### About this exercise
Please set down, unchanged, each line from the one with "Hey guys, today" to the final line of the data below, both included. Drop the pictures.

### Data under study
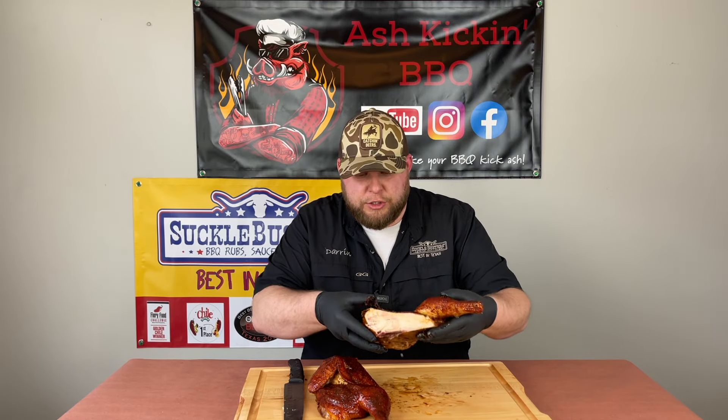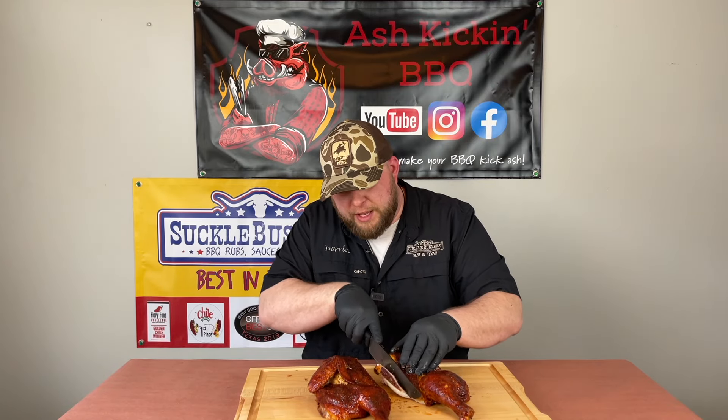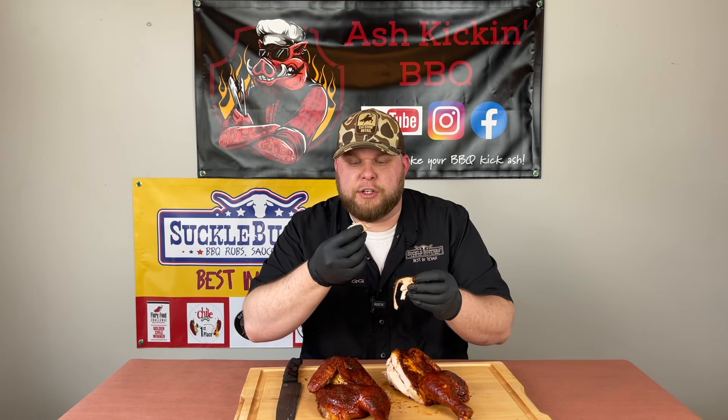Okay guys, here is our beautiful spatchcock yard bird — this thing looks awesome and smells wonderful. I love the color on it; it has a wonderful smoke flavor from those Cookin' Pellets apple mash blend. We're going to go straight down the breastbone here — look at that, it's nice and juicy and smells wonderful, cooked perfectly. Let me cut off a little piece — look at that, just tender as can be, falling apart. Let's give it a try — man, that is absolutely wonderful, with a nice smoky flavor from those apple mash pellets.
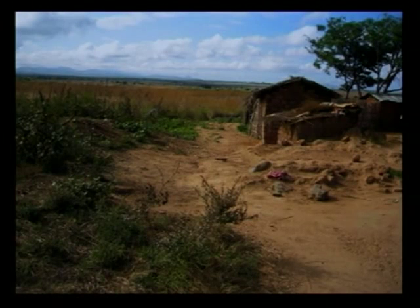This is my home. This is where I live. What country? In Malawi.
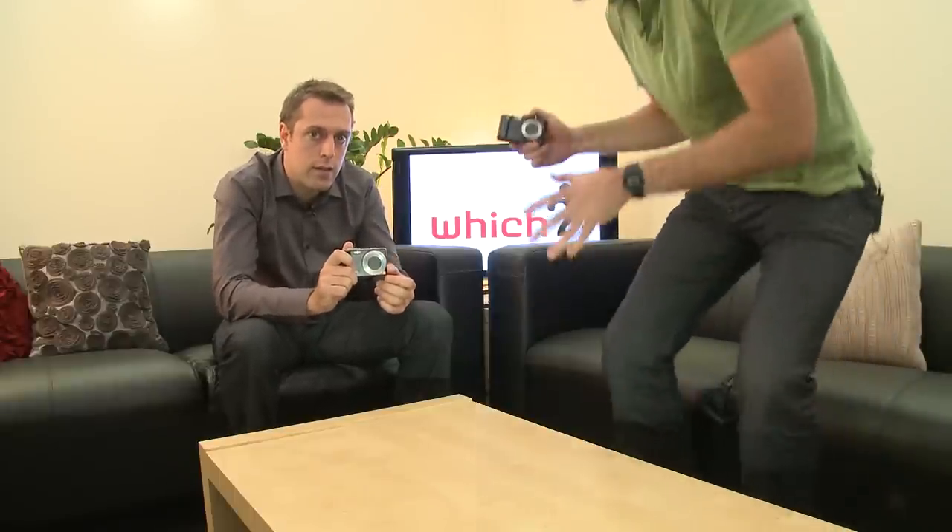This is the Leica VLUX20. Actually, that's the Panasonic TZ10. This is the Leica. They look very similar so it's easy to mix them up.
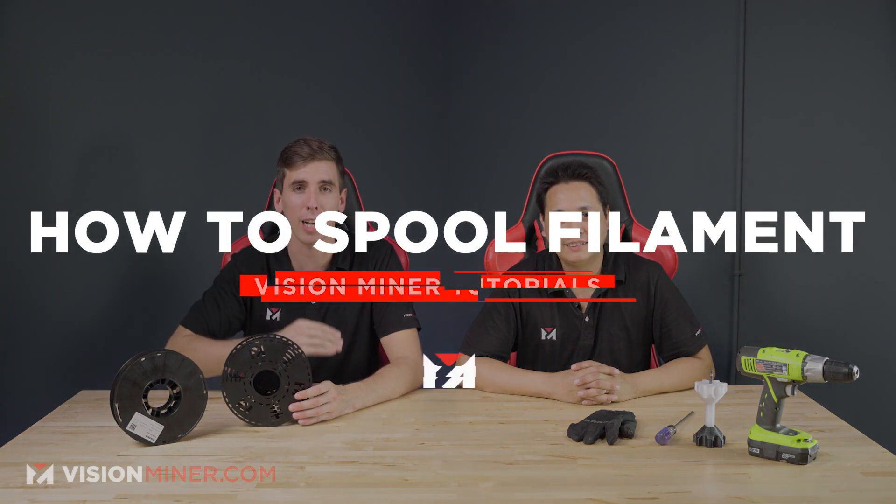Hey guys, today we're going to show you how we re-spool our high temperature filaments onto our metal spools here in the shop. I'm Rob, and I'm Jay, and we're going to show you that right now.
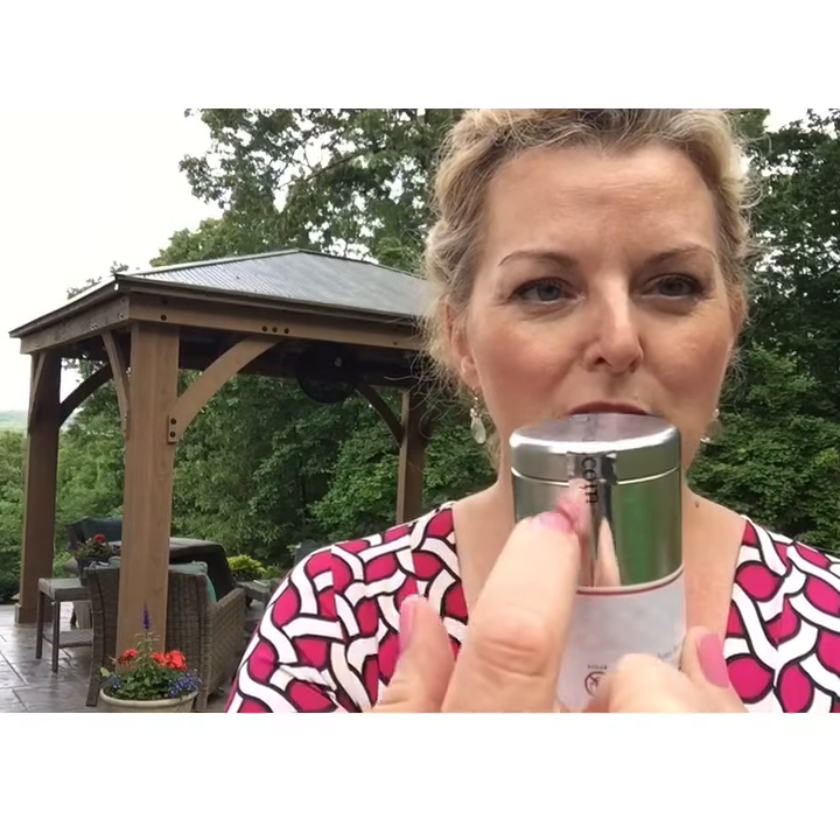We had some problems and complaints because every now and then we'd get a cap that would fly off during shipping. So we got a brand new label across the top — this will not tear off, it will not break off. When you get it, you basically take a sharp knife, make two little slits right there, and the top will pop right off.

### Solution to this problem
Hey guys, today we're going to show you how we re-spool our high temperature filaments onto our metal spools here in the shop. I'm Rob, and I'm Jay, and we're going to show you that right now.
We had some problems and complaints because every now and then we'd get a cap that would fly off during shipping. So we got a brand new label across the top — this will not tear off, it will not break off. When you get it, you basically take a sharp knife, make two little slits right there, and the top will pop right off.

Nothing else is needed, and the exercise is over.